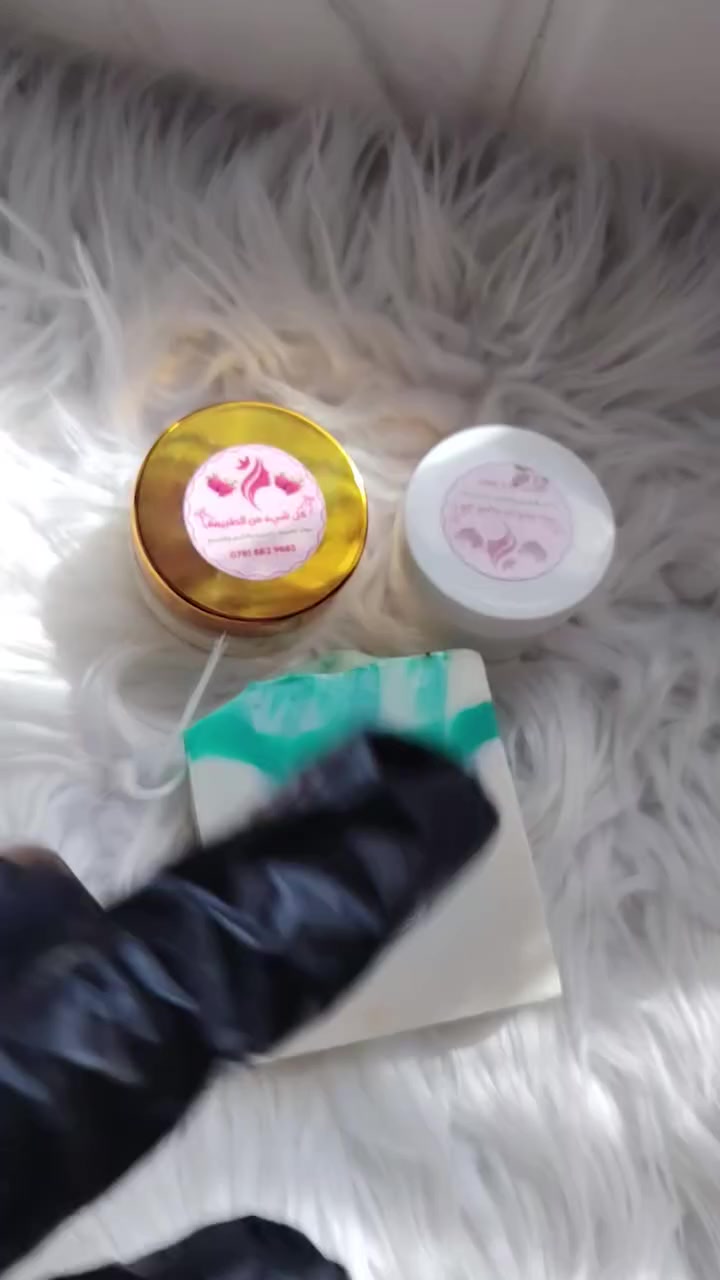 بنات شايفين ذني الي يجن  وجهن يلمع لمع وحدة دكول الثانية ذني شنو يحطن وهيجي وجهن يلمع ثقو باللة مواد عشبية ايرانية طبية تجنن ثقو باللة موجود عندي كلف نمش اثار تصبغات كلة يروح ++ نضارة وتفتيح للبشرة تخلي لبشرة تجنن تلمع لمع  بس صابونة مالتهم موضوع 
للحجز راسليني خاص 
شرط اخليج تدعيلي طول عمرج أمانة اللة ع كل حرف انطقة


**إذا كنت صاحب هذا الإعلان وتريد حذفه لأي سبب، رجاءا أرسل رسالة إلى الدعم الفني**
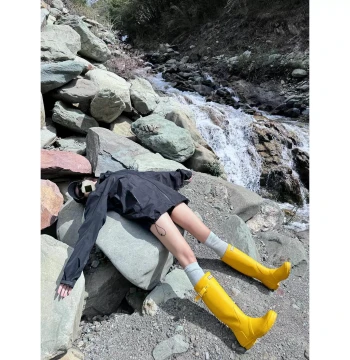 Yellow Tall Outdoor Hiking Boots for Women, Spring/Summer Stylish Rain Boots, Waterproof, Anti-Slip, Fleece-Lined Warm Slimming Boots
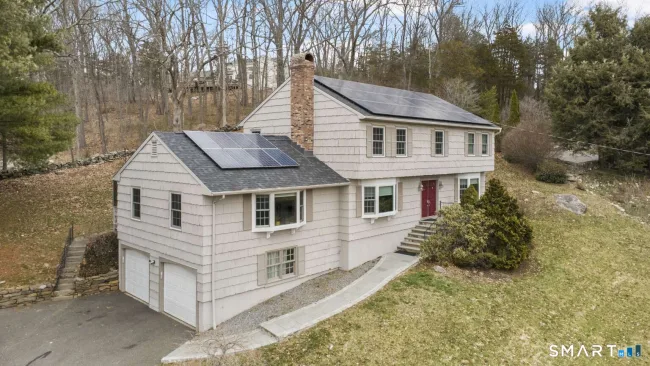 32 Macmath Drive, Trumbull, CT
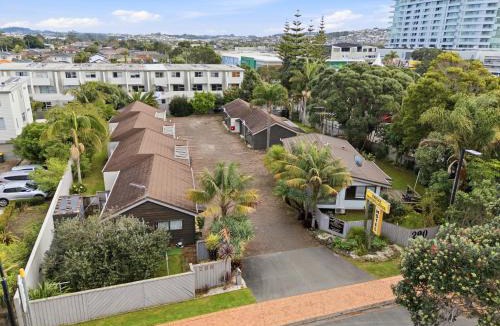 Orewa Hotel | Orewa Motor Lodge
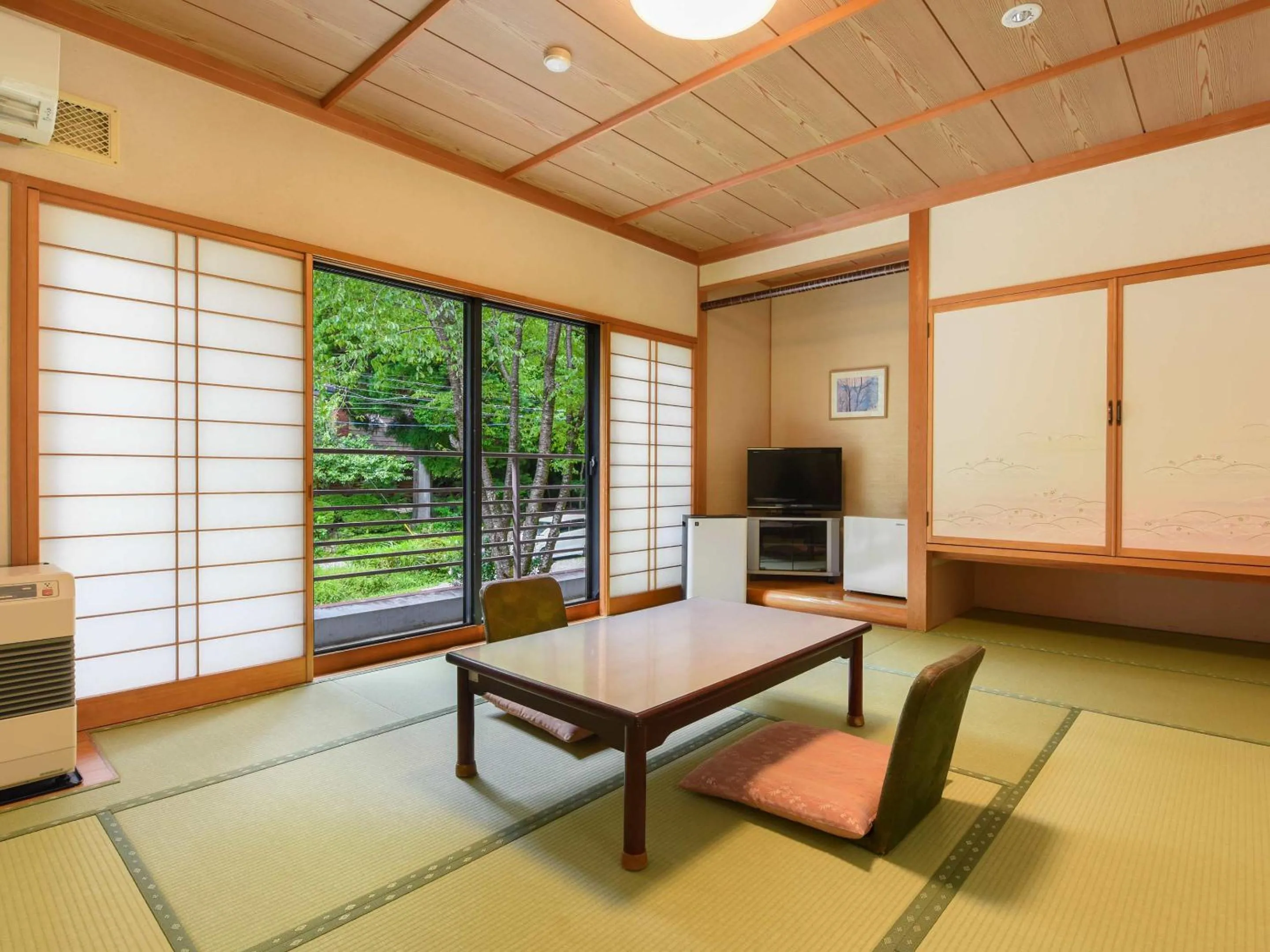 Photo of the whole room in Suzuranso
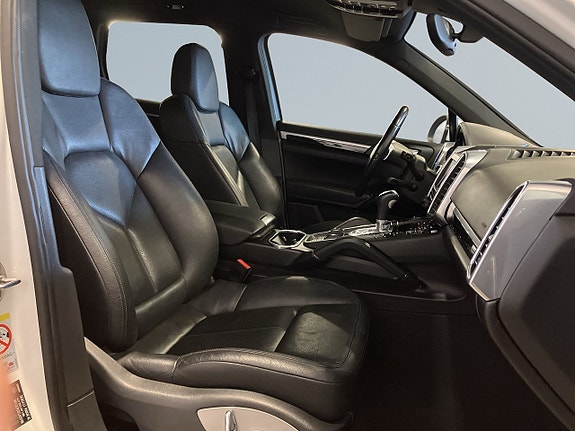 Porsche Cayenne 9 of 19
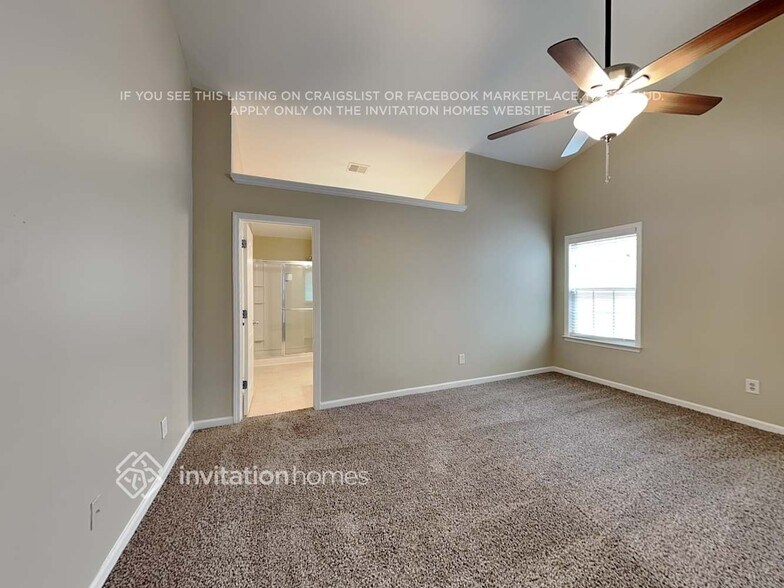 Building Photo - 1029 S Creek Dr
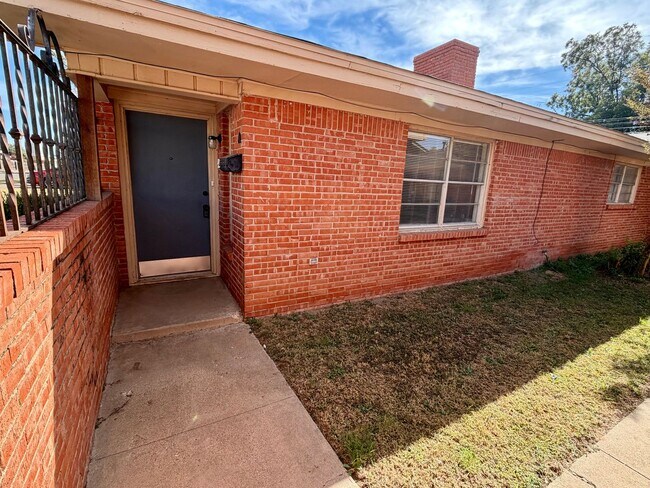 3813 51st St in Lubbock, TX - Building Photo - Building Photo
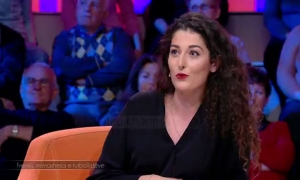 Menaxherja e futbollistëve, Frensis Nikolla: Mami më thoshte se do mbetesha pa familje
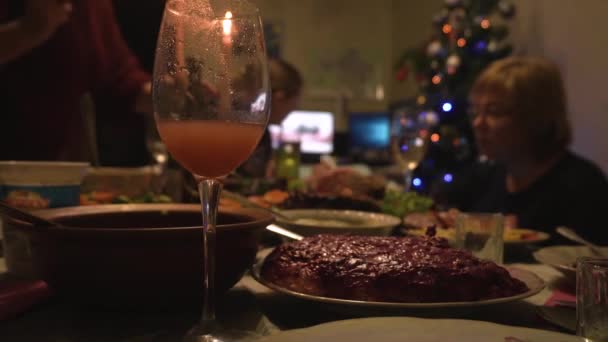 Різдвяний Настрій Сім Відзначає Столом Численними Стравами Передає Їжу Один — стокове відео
::::
*TASK PROMPT*. Using the listing above, copy exactly the lines from the one that contains "Yellow Tall Outdoor" through its last line, both included, but not the pictures.

*ANSWER BOX*.
 Yellow Tall Outdoor Hiking Boots for Women, Spring/Summer Stylish Rain Boots, Waterproof, Anti-Slip, Fleece-Lined Warm Slimming Boots
 32 Macmath Drive, Trumbull, CT
 Orewa Hotel | Orewa Motor Lodge
 Photo of the whole room in Suzuranso
 Porsche Cayenne 9 of 19
 Building Photo - 1029 S Creek Dr
 3813 51st St in Lubbock, TX - Building Photo - Building Photo
 Menaxherja e futbollistëve, Frensis Nikolla: Mami më thoshte se do mbetesha pa familje
 Різдвяний Настрій Сім Відзначає Столом Численними Стравами Передає Їжу Один — стокове відео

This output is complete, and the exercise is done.